● SUPPLIED DATA
/---
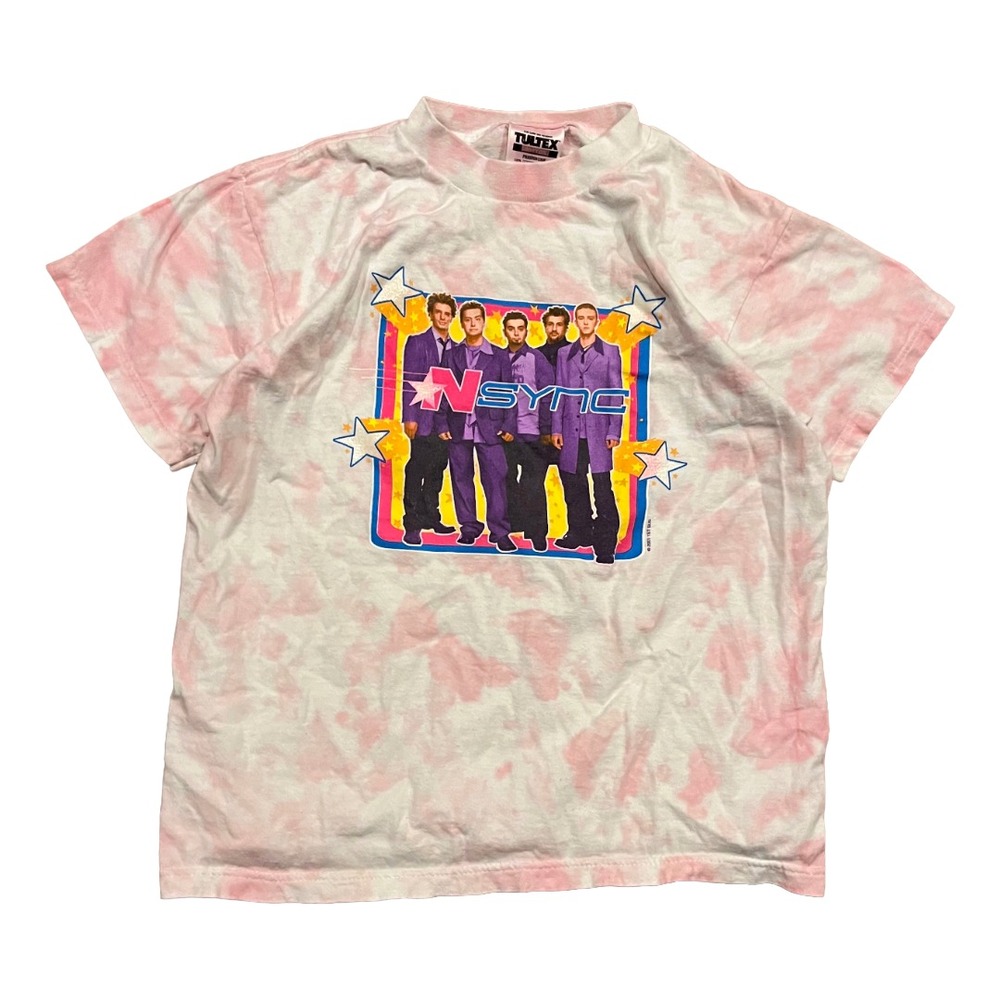 Vintage 2001 NSYNC T-Shirt Womens Med Youth Large Pink Tye Dye Justin Timberlake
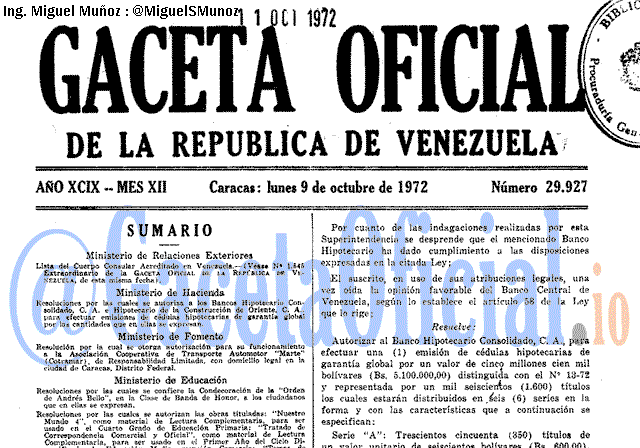 Gaceta Oficial 29927 del 9 Octubre 1972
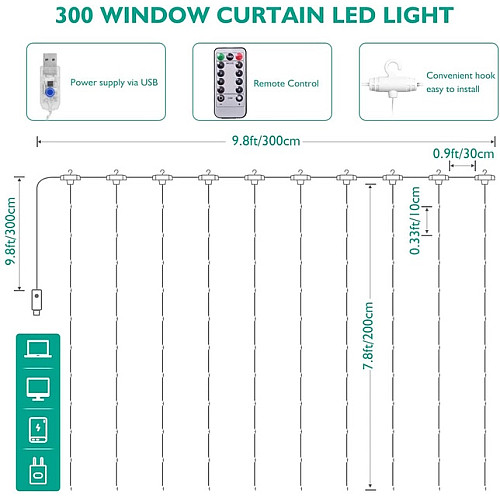 Світлодіодна водонепроникна гірлянда-завіса штора Sunnest 3*3м 300LED USB з пультом (SUN-300L)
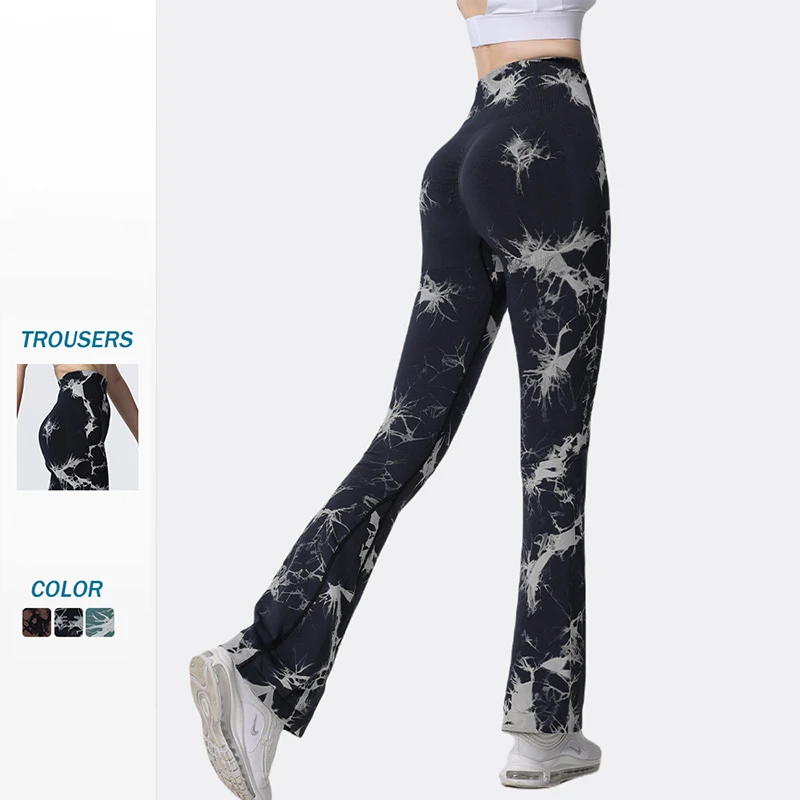 New Tie Dye And Float Flared PantsS Seamless Knit Hip Lifting High Elasticity Quick Drying Running Yoga Pants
\---
● ACTIVITY
When repeating the listing, keep each line exact and exclude the pictures.

● OUTPUT OF THE EXERCISE
 Vintage 2001 NSYNC T-Shirt Womens Med Youth Large Pink Tye Dye Justin Timberlake
 Gaceta Oficial 29927 del 9 Octubre 1972
 Світлодіодна водонепроникна гірлянда-завіса штора Sunnest 3*3м 300LED USB з пультом (SUN-300L)
 New Tie Dye And Float Flared PantsS Seamless Knit Hip Lifting High Elasticity Quick Drying Running Yoga Pants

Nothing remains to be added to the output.